Of course, this is because they were always illegal. They were copyright infringing, it just didn't matter until Paramount decided that fan films had gotten too good, and posed a real threat to their bottom line.

I don't think I can fully explain how much Paramount's capricious fan film guidelines radicalized me w/r/t my views on copyright.

Of course, both New Voyages on occasion and Continues in most (every?) episode featured Vic Mignogna as Captain Kirk.

I have heard from credible sources that, in addition to being a first class creep ( see:
https://en.wikipedia.org/wiki/Vic_Mignogna#Legal_battles_and_sexual_harassment_allegations ) he was also probably a thief!

I feel like I shouldn't continue this discussion without acknowledging that.

Vic Mignogna - Wikipedia

Anyway, problematic people aside, the concept of these Star Trek fan films was beautifully naive: "let's do Fan Fiction but for Television"

Fan fiction is also illegal, and usually tolerated at best. (It shouldn't be illegal, but that's another story!) and that's while most Fan Fiction could not possibly supplant the work who's copyright it is infringing. Who would read Fan Fic without reading/watching the thing its based on?

At the time that Star Trek New Voyages started coming out there hadn't been any Star Trek on TV or in cinemas for years, and the early episodes of NV... Well, they are a little unpolished, rough around the edges.

But, by the time the later episodes were released, and by the time Continues hit the scene, two things had changed:

1) these fan films became absolutely as good as or better than many episodes of Star Trek that had aired on television (see https://www.youtube.com/watch?v=l4TC5wl0IzE&list=PL5h4ur_aSq8NxKIK0TWk6puXu4E1RjT8y&index=5 or any of the later episodes for example.)

2) J.J. Abrams' Star Trek film was released, and quickly became a blockbuster trilogy of ... well, shall we say "Flashy" films?

In short, there was money on the line.

Star Trek New Voyages, 4x03, World Enough and Time, Subtitles

YouTube

And the reception of the Abrams films was mixed. You wouldn't know it looking at their reviews today, but opinions were Divided.

Casual viewers ate them up, but hardcore fans absolutely hated it. And they were Loud. They weren't critics, they weren't viewers. They didn't make the films fail, but they did Talk. A lot. On youtube, and in comic book shops, and in letters to Paramount.

And, I can't speak for every one of those nerd, but at least the ones around me were *firmly* of the opinion that the true spirit of Star Trek lived on, not in the cinema but in the fan films on youtube.

I'm not talking about Axanar, because I frankly don't know enough about it to talk about it cogently.

I know this: They raised $638,000 on Kickstarter to make a feature length film based on IP they didn't own. They had various alumni of previous Trek projects involved.

Somehow, they thought this wouldn't attract the attention of the *people who owned and were actively making movies with the same IP*

I can't fathom being that reckless.

In the wake of that, it is unsurprising that Paramount chose to publish rules governing fan films.
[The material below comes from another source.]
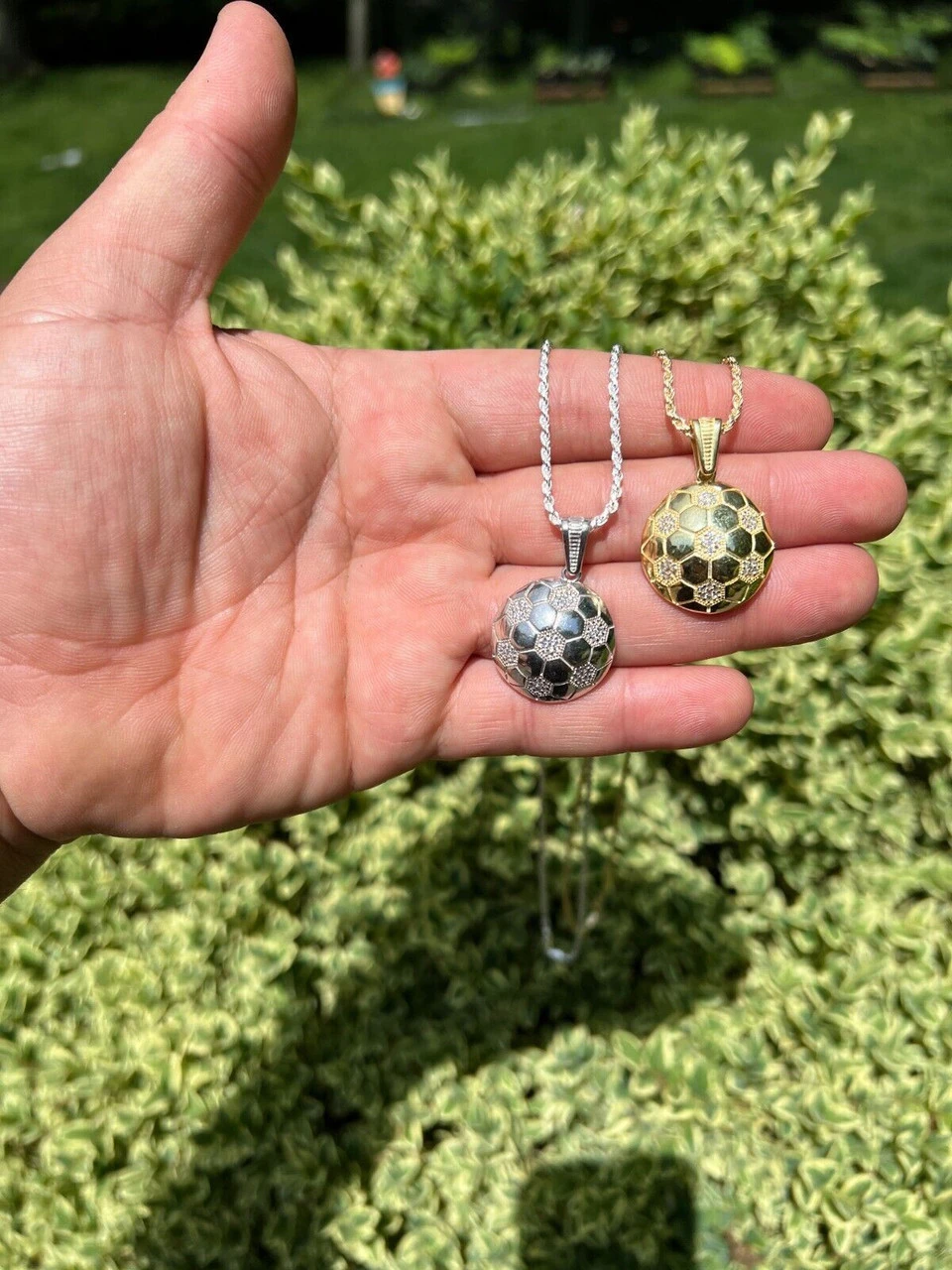 Real 925 Silver / 14k Gold Plated Soccer Ball Futbol Pendant Necklace Charm Iced 9 Real 925 Silver / 14k Gold Plated Soccer Ball Futbol Pendant Necklace Charm Iced - Image 7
What is slightly more surprising is that the rules they published also explicitly banned Star Trek New Voyages / Continues, etc.

It isn't *that* surprising, Paramount wanted to make money and New Voyages / Continues were both good enough that they could be seen as viable competition to the things they were producing,.

And it would have been difficult to write rules that excluded Axanar that didn't also exclude NV/Continues, but they didn't even try.

They used Axanar as an excuse to axe all fan films.

@ajroach42
I don't understand the competitiveness of it. Typically, ST fans just eat up anything that's made. The only way a fan production might keep them away from anything 'official' would be if it was really crappy. Like ST5 crappy. Most companies are just so... insecure. Especially the big ones, which is ironic, since they can weather any kind of damage better.

@murdoc It doesn't help that Paramount was running out of money.

But yeah, it was a shortsighted self destructive move that only served to hurt their goodwill with their biggest fans.